DexHoldem Policy Implementation

14 Primitives

Card pickup, card placement, card reveal, chip push, and chip pull tasks are specified as language-instructed atomic skills.

1,470 Demos

Each primitive has 105 accepted teleoperated demonstrations, with a fixed 100 train / 5 validation split.

30-D Actions

Policies output joint-position targets for the 6-DOF UR10e arm and 24-DOF Shadow Dexterous Hand.

80 Rollouts

Physical evaluation uses 80 primitive-level trials per policy, grouped into pickup, chip push, chip pull, and put-down/show.

Benchmark Interface

The shared interface maps three RGB-D views and proprioception to joint-position action chunks.

The policy bench removes game-level decision making from the low-level model. At each rollout step, the policy receives top-down, third-person, and wrist-mounted RealSense RGB-D observations, the current arm-hand joint state, and a task condition. It returns a short-horizon sequence of 30-dimensional joint-position targets in the canonical robot order.

Observation

Top-down, third-person, and wrist RGB-D cameras plus normalized joint-position proprioception.

Condition

Pretrained policies use natural-language task text; task-specific baselines use discrete instruction IDs.

Prediction

The canonical loader exposes RGB/depth inputs, optional precomputed visual features, instruction IDs, and 30-D action targets.

Deployment

A ZeroMQ policy server on port 13579 returns executable joint targets to the robot-side client.

Primitive Suite

Policy tasks use the exact primitive IDs and instructions from the paper.
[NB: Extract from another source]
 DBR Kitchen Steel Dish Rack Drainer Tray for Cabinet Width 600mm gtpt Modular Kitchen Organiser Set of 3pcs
Directional labels are interpreted in the robot-facing tabletop frame: push moves chips away from the robot into the forward betting region, and pull moves chips back toward the robot-side region.

Primitive-level task definitions.
ID	Primitive	Policy instruction
0	`pick_up_left`	Pick up the card on the left side.
1	`pick_up_right`	Pick up the card on the right side.
2	`push_5`	Push forward the chips worth 5.
3	`push_10`	Push forward the chips worth 10.
4	`push_50`	Push forward the chips worth 50.
5	`push_100`	Push forward the chips worth 100.
6	`pull_5`	Pull back the chips worth 5.
7	`pull_10`	Pull back the chips worth 10.
8	`pull_50`	Pull back the chips worth 50.
9	`pull_100`	Pull back the chips worth 100.
10	`put_down_left`	Place the held card onto the left position.
11	`put_down_right`	Place the held card onto the right position.
12	`show_left`	Reveal the face of the left card.
13	`show_right`	Reveal the face of the right card.

Policy Families

The main comparison contains two model families under one physical trial protocol.

The reported benchmark focuses on the policy families and variants included in the main physical comparison. Experimental adapters that are not part of that comparison are kept separate from the benchmarked-policy summary.

01

Pretrained Robot and VLA Policies

pi0.5, pi0, RDT, and RDT-small are adapted to the ShadowHand-UR interface and conditioned on natural-language task text.

02

Task-Specific Imitation Baselines

DP (DINO), DP-Transformer, DP-UNet, ACT, and BAKU are trained on the DexHoldem demonstrations with the same action space, primitive schedule, and scoring rubric.

03

Shared Scoring Contract

All models are evaluated by SP, DC, TF, and DF outcome labels, then reported as scene-preserving success rate and task completion rate.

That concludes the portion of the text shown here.